The men with the golden guns...

Who got the gold, and who shot themselves in the foot? Read on...


• And today it's sunny in Beijing, which means there's no way NBC will show any taekwondo tonight. Yes, I know... I'm bitter.

• We start the night with... fluff? That's not a good sign. Misti May-Treanor and Kerri Walsh rock out to "Barracuda" in slow-motion. Bob interviews them in the studio. I guess the match did run late last night, so some people might have missed it, but it's still fluff. Bob asks Kerri if she's run out of people to hug, and Kerri says she hasn't hugged Costas yet. Is Bob angling for some beach volleyballer affection? He doesn't get it.

• Off to the Bird's Nest, where it's raining! Oh yeah, this was taped last night. Tape delay is fun! Nick Symmonds of the U.S. is running in the semifinal for the 800 meters. He gets a some fluffette, because you've never heard of him. And now you never will (at least, not until 2012). He finishes fifth in his heat and fails to advance.

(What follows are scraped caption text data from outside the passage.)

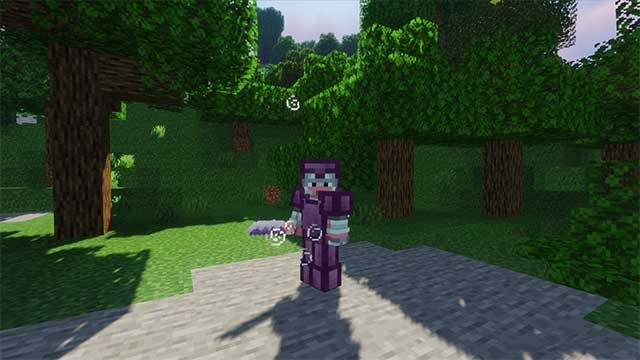 Nếu yêu thích Seven Deadly Sins, bạn chắc chắn không nên bỏ qua Deadly Sins Mod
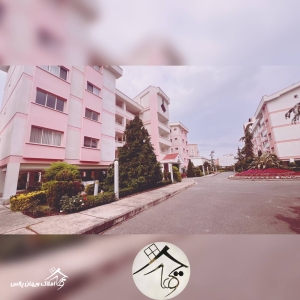 خرید آپارتمان 65 متری در فریدونکنار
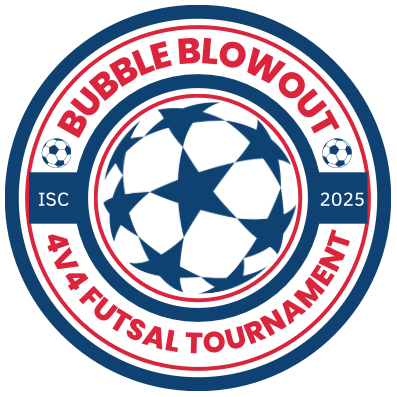 Iowa Soccer Club | Tournaments | Bubble Blowout Futsal Tournament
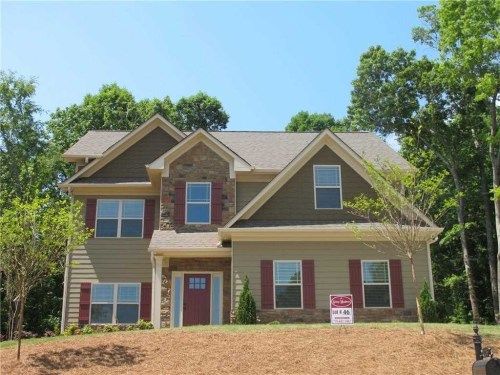 1136 Mccain Ct, Jefferson, GA 30549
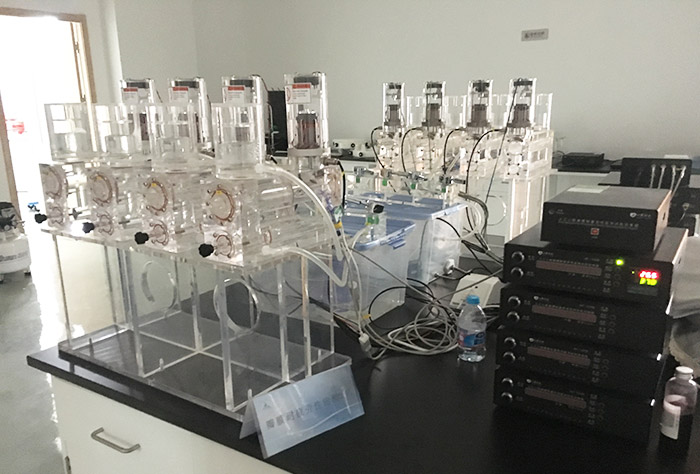 通用電氣音圈電機(jī)模組案例！
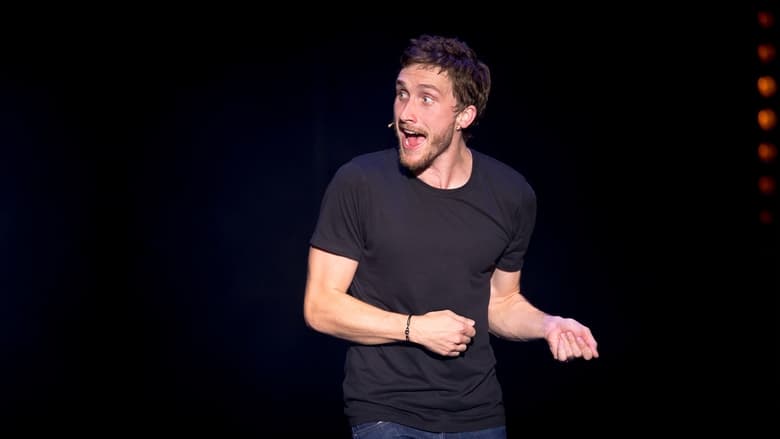 кадр из фильма Baptiste Lecaplain - Origines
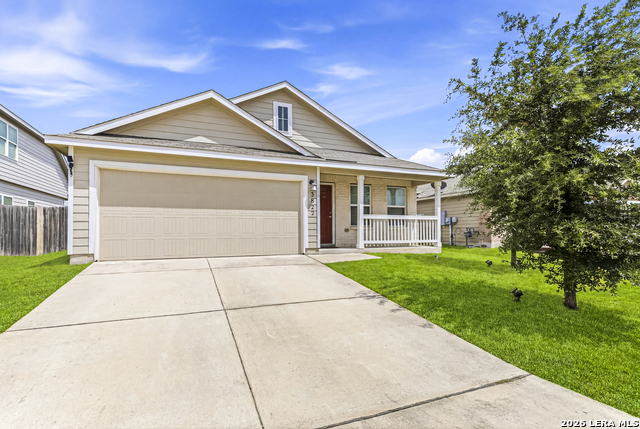 3822 Carducci Dr Property Photo 1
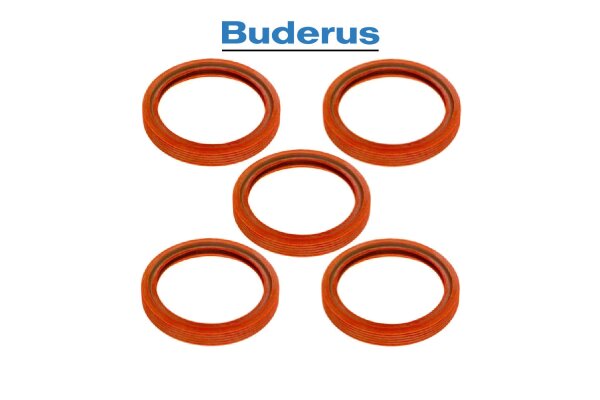  Dichtung Ansaugrohr 50 mm - V1/V2 - 7099058 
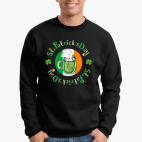 День Святого Патрика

• Allyson Felix fluffette. Her church is important to her because her dad was the preacher. Her coach, Bobby Kersey, is Jackie Joyner-Kersey's husband. She won silver in Athens and works with kids. She used to be called chicken legs. We actually find out a whole variety of things about Allyson, and no one else voices it over. It's all in her words. It is fluff, but it's well-done fluff.

• Now Allyson's race, the 200m final, which features three Americans and three Jamaicans. Revenge! Or not. Jamaica's Veronica Campbell-Brown wins handily, but Felix finishes a strong second. The bronze? Kerron Stewart of Jamaica by one hundreth of a second over American Muna Lee. The six U.S. and Jamaica runners all finished ahead of the remaining two racers. They were from... eh, who cares?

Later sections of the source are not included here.